Dive Brief:
- Employers must be aware that courts may find that earned wage access fees violate Connecticut law, the state’s department of labor cautioned May 10.
- Connecticut state law prohibits employers from engaging in “wage scaling,” or reducing pay when any wages are paid early.
- The agency itself doesn’t believe an EWA fee would amount to wage scaling “as it is a fee for the service of a third-party processing the payment,” it said, but “employers must be aware that courts may find that reducing the rate of pay or any other wage deduction for advancing pay may be considered wage scaling in violation of [state law].”
Dive Insight:
EWA, also known as on-demand pay or daily pay, is a way to allow workers to receive their pay before payday, according to the Connecticut guidance. That money in some cases comes as an advance from a third-party vendor that requires fees via a payroll deduction.
Many workers say they want such an offering from their employers, and data shows they use the option when it’s offered. In the employer-sponsored market, workers accessed $9.5 billion through EWA in 2020, triple the amount from just two years earlier, according to data cited in CNBC reporting. The number of transactions also tripled during that time.
But the products have drawn criticism from some as nothing more than a rebranded payday loan that can put workers in a bad financial position; providers, however, have positioned themselves as more like ATMs — charging a fee for access to money owed to the employee.

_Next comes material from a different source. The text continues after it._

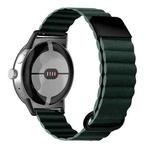 For Google Pixel Watch Reverse Buckle Magnetic Genuine Leather Watch Band(Green)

State governments and the federal government have taken steps to regulate EWA products. California, for example, is weighing a licensing and oversight requirement. Connecticut has already capped the fees such vendors can charge and driven at least one provider out of the state, according to Associated Press reporting. And the Consumer Financial Protection Bureau, an independent federal agency, signaled late last year that it intends to soon issue guidance on how consumer lending laws apply to EWA.